The new bleed port made doing a bleed almost pleasant, notice I said almost because any system is a bit of a chore, but this new system is a highly engineered marvel in comparison to the old method. Bleeding brakes is like a poke in the eye!

When I shortened the units to fit my bike, I followed the directions perfectly for the rear brake, and I cut the rear line and was I able to connect it back up without doing anything else. Just make sure that you keep the cut line elevated, and don’t try and make any drastic changes to things as you progress. Somehow I got some air into the brakes (I made changes as I went) when I did the front line, and I had to bleed it, so I got a first hand experience with the newer method, and it was enjoyable and easier for brake bleeding. Again simple is as simple does!

Technical Features

The redesigned reservoir body has many features, including the EBT bleeding system, a new pivot system for the carbon lever, and of course it is made from forged magnesium, except for the composite reservoir cap. It uses an open hydraulic disc brake system with completely integrated reservoir, and is filled with Magura’s Royal Blood mineral oil brake fluid. The carbon lever now uses stitched carbon fiber, for greater stiffness.

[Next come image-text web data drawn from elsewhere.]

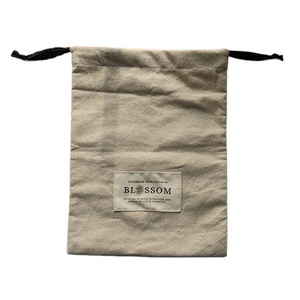 Reusable Drawstring Cotton Bags <b>Packaging</b> Cloth <b>Textile</b> <b>Packaging</b> Linen Pouch With Custom Logo - Product Image 1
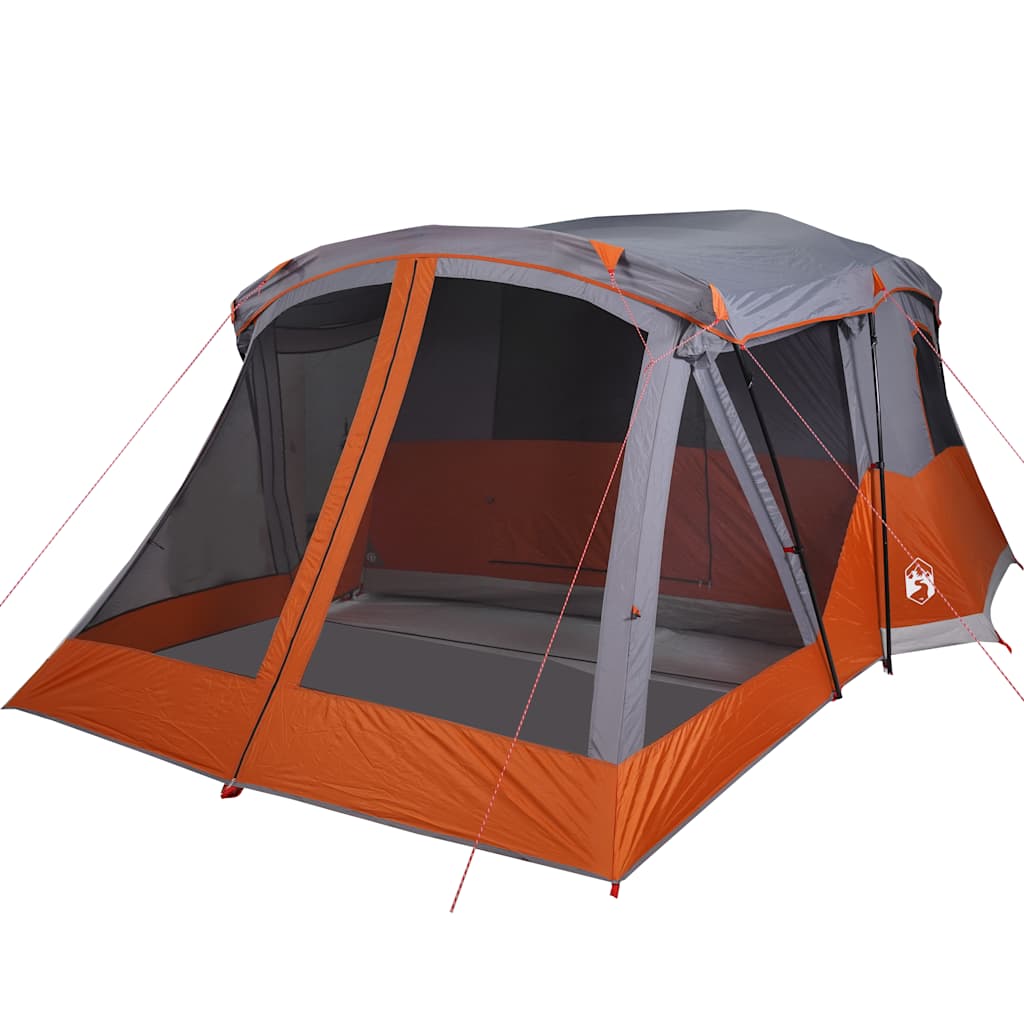 Camping tent with porch, orange, four-person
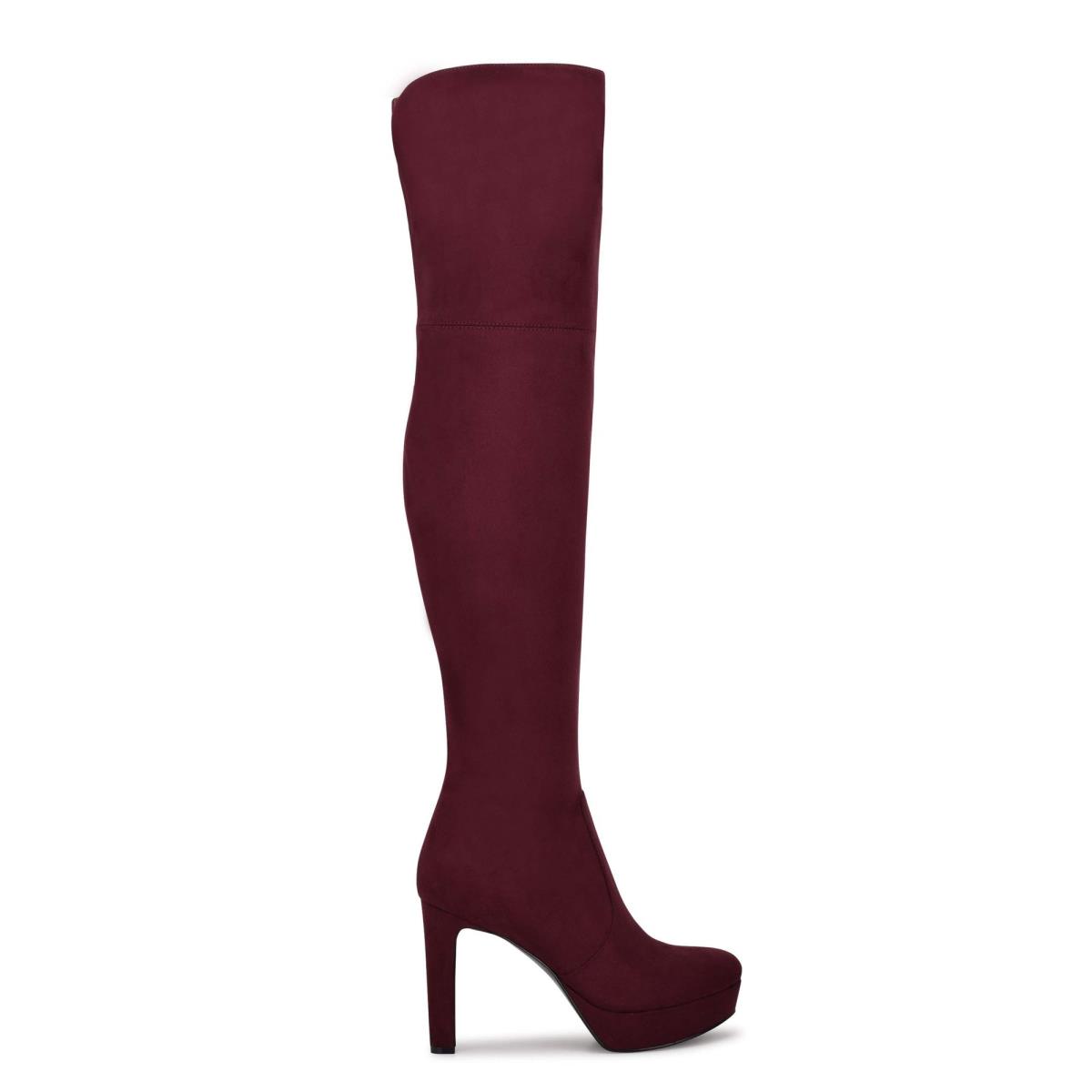 Botas Plataforma Nine West Gotcha Anchos Calf Over the Knee Mujer Burdeos | 8705ZQEFD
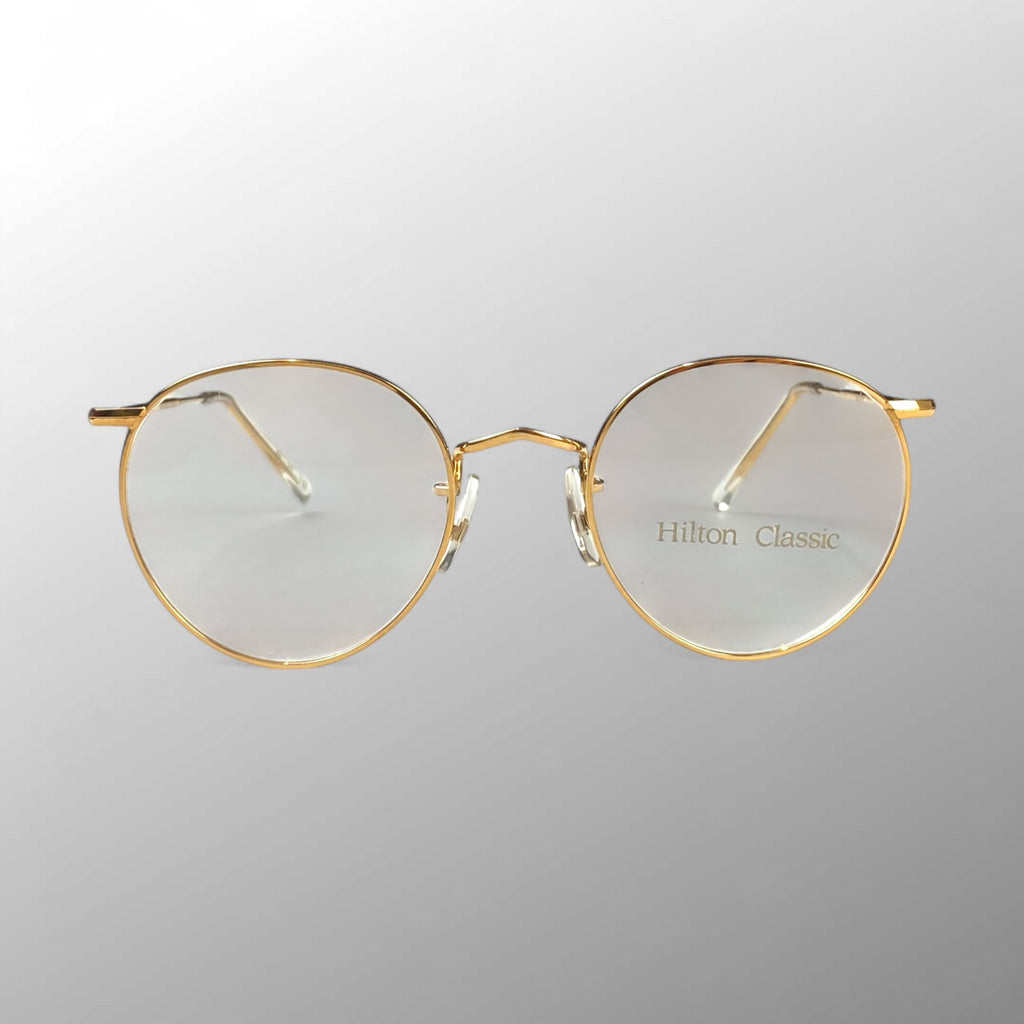 【70年代 デッドストック】 Hilton Classic ヒルトン クラシック / PANTO パント型 アイウェア 伊達メガネ デモレンズ入 K14 ロールドゴールド SIZE:49-20 111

The redesigned caliper is one piece monoblock aluminum for maximum stiffness, and uses injected molded composite pistons for less heat transfer to the brake fluid. The dual pistons are also magnetized so that no clips are required to hold the pads in place. They come with their 6.1 Performance Series pad (maximum power), but you can also get their 6.2 Endurance version (longevity). The rotors which are sold separately, come in the ubiquitous 6 bolt IS in 160, 180, and 203mm sizes, in their default SL Wavy (lightweight), the Drilled SL (mud and cooling holes) or the Ventidisk (All Mountain). The calipers are post mount, but Magura has an entire slew of adapters to fit most any bike or fork.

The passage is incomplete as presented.